--- Task material Enclosed Below ---
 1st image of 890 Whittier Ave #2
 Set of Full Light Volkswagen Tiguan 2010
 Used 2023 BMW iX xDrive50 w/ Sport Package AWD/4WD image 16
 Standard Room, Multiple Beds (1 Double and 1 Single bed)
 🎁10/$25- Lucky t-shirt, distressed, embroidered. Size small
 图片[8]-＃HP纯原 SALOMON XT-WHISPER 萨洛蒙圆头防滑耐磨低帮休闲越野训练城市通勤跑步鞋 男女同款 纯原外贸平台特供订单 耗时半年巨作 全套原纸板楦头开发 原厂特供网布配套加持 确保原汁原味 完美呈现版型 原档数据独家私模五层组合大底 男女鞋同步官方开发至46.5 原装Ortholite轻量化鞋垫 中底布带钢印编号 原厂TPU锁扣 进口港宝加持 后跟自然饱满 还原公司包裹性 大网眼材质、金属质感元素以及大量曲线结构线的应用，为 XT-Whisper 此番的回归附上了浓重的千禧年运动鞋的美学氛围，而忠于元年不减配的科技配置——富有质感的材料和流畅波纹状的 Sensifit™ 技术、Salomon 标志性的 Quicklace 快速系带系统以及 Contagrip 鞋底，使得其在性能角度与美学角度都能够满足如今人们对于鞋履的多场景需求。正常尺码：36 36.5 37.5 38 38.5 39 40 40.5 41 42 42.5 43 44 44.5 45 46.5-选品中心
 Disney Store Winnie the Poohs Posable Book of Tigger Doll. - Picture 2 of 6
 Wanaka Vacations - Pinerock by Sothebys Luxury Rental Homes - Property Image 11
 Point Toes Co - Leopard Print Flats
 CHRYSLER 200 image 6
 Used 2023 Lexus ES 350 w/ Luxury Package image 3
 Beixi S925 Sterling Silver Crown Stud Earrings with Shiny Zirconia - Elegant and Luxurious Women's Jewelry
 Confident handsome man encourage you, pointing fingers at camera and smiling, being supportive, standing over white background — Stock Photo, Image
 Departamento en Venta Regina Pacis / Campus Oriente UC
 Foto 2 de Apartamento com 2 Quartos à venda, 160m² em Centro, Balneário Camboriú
--- End of Enclosed Task material ---
# What you need to do
Using the listing, filter for "Used" and return the matching lines.

# Expected answer
 Used 2023 BMW iX xDrive50 w/ Sport Package AWD/4WD image 16
 Used 2023 Lexus ES 350 w/ Luxury Package image 3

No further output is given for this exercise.